I spent half this week at CES 2017 in Las Vegas !
To say the least, it puts the “enterprise” side shows to shame in number of people it attracts, variety of solutions it offers and how boldly the future is thought about. It did not take any time to see that the future is all about AI – and how expansive the definition of AI has become.
There were bots of all flavors there – but voice was the major interaction media, and it was hard to walk the floor without hearing “hey Alexa” type conversations . Also noticed a lot of VR and AR. I walked away thinking voice will rule the consumer world for a while, and between VR and AR – I will bet on AR having more widespread use. While VR based video games are indeed cool – putting on something on your head to use technology makes me wonder how many will actually use it. Like 3D televisions – where you need special glasses, and hardly anyone uses it that I know.
The generation of products using AI that I saw (admittedly I only saw a small fraction of the HUGE show) barely scratched the surface of what is possible. If I think of what I saw with my engineering hat on , it is something like this
- Human voice or text waking up the AI service ( “hey Jane” )
- A natural language based request ( “When is my next meeting” )
- Voice to text translation as needed
- Intent and entity extraction ( me, my calendar, current time, read entry)
- Passing it to a structured API ( calendar.read ) and get a response
- Convert output to a string ( “your next meeting is in 2 hours with Joe” )
- Text to voice translation
- Keep the context for next question ( “is there a bridge number or should I call Joe’s cell?” )
This is easy stuff in general – there are plenty of APIs that do stuff, and many are RESTful. You can pass parameters and make them do stuff – like read calendar, switch a light on , or pay off a credit card. If you are a developer – all you need is imagination to make cool stuff happen. How fun is that !
Well – there are also some issues to take care of. Here are 5 things that I could think of in the 1 hour in the middle seat (also in the last row, next to the toilet) from Vegas back home.
Like say security – you might not want guests to voice control all devices in your house for example (which might not be the worst they can do, but you know…). Most of the gadgets I saw had very limited security features . It was also not clear in many cases on what happens to data security and privacy. A consistent privacy/security layer becomes all the more important in the AI driven world for all APIs.
Then there is Natural language itself. NLP itself will get commoditized very quickly. Entity and intent extraction are not exactly trivial – but its largely a solvable problem and will continue to get better. The trouble is – APIs don’t take natural language as input – we still need to pass unstructured>structured>unstructured back and forth to make this work. That is not just elegant – and it is not efficient even when compute becomes negligibly cheap. Not sure how quickly it will happen, but I am betting on commonly used API’s should all have two ways of functioning in future – an NLP input for human interaction, and a binary input for machine to machine interaction (to avoid any needs to translate when two machines talk to each other) . Perhaps this might even be how the elusive API standardization will finally happen 🙂
If all – or most – APIs have an easy NLP interface, it also becomes easy to interoperate. For example – if I scream “I am hungry” to my fridge, it should be able to find all the APIs behind the scenes and give me some options and place an order and pay for it. And my car or microwave should be able to do the same as well and I should not have to hand code every possible combination . In future APIs should be able to use each other as needed and my entry point should not matter as much in getting the result I need.

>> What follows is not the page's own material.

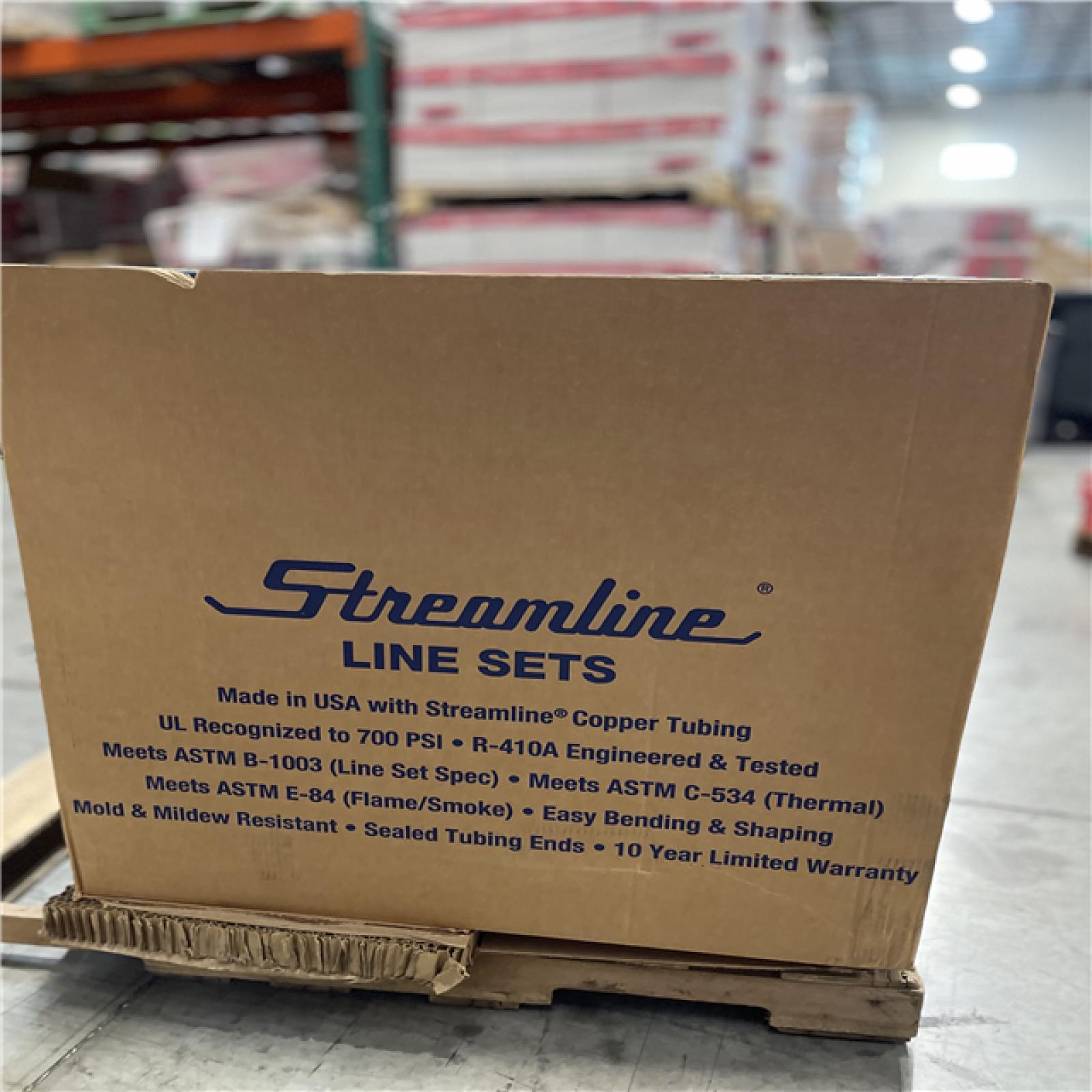 DALLAS LOCATION - Mueller Industries 3/8 In X 3/4 In X 3/4 In X 35 Ft Air Conditioner Line Set PALLET-(5 UNITS)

Human assistants get better with time. If an executive always flies by American Air, when she tells her assistant to book a flight, the assistant does not ask every time back “which airline do you prefer” or “should I book a car service also to take you to the meeting when you land”. The virtual assistants – or pretty much any conversational widget – I saw this week had any significant “learning” capability that was demonstrated. While I might enjoy having a smart device today since it is a big improvement from my normal devices – I will absolutely tire of it if it does not get smarter over time. My fridge should not just be able to order milk – it should learn from all the other smart fridges and take cues from other data like weather . In future, “learning” should be a standard functionality for all APIs – ideally unsupervised.
The general trend I saw at CES was about “ordering” a machine to do something. No doubt that is cool. What I did not see – and where I think AI could really help – is in machines “servicing” humans and other machines. For example – lets say I scream “I am hungry” to my fridge. The fridge has some food in it that I like and all I need is to put it in the oven. So fridge tells the oven to start pre-heating – and gets no response in return ! Telling me “the oven is dead” is a good start – But the intelligent fridge should be able to place a service order for the oven, as well as offer me an option to order a pizza to keep me alive for now. APIs should be able to diagnose ( and ideally self heal ) themselves and other APIs in future – as well as change orchestration when a standard workflow is disrupted.